Forum Moderators: goodroi

Message Too Old, No Replies

Remove unwanted and already indexed pages from google search result

         

anthonyinit

12:45 am on Dec 17, 2020 (gmt 0)

10+ Year Member



Hello,
Google have already indexed my website pages and it appears in search result however, i want to remove some pages from google and tell google not to reindex them.

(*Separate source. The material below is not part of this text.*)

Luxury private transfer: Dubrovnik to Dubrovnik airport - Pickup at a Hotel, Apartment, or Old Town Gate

Google have already indexed pages like
https://www.example.com/index.php?ccode=BG
https://www.example.com/index.php?ccode=RU
https://www.example.com/index.php?ccode=DE
https://www.example.com/index.php?ccode=ES

how to remove these url from google and not to reindex them?

not2easy

1:23 am on Dec 17, 2020 (gmt 0)

WebmasterWorld Administrator 10+ Year Member Top Contributors Of The Month



Do the pages physically exist or are they dynamically generated?

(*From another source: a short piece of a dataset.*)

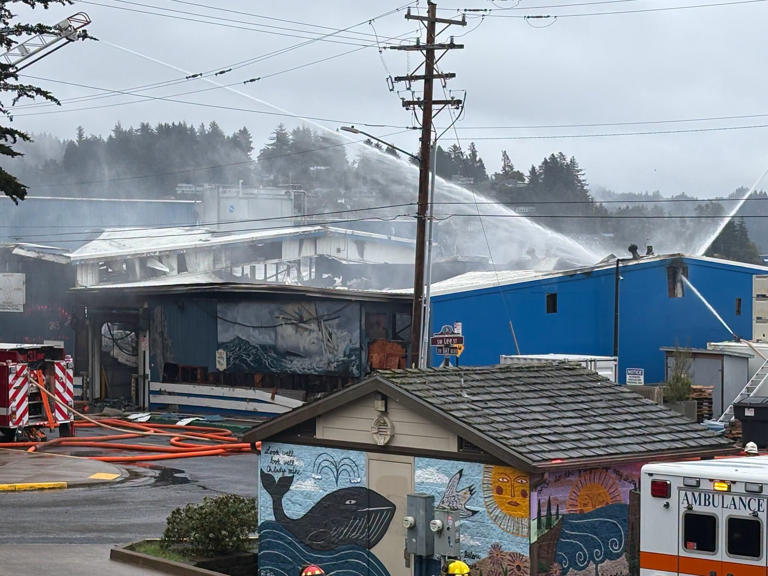 Toxic gas fears spark evacuation as fire engulfs Oregon seafood plant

If they are all in one directory you can remove them using X-Robots headers whether they are dynamically generated or physical pages.

anthonyinit

2:19 am on Dec 17, 2020 (gmt 0)

10+ Year Member



I believe these are dynamically generated pages i don't see any pages in my directories. when i select languages eg. RU or DE my URL change accordingly

if i chose RU language my URL change to https://www.example.com/index.php?ccode=RU

not2easy

3:53 am on Dec 17, 2020 (gmt 0)

WebmasterWorld Administrator 10+ Year Member Top Contributors Of The Month



If you wish to remove only the list of URLs above that appear to be dynamically generated versions of one single page the easiest way is to prevent them from being created. Since those appear to be versions of the home page of a site, you would not want to use noindex either as a metatag or X-Robots. That would noindex the entire site, I don't think that is what your goal is.

Didn't you recently ask how to prevent crawling [webmasterworld.com]of a different set of pages using robots.txt?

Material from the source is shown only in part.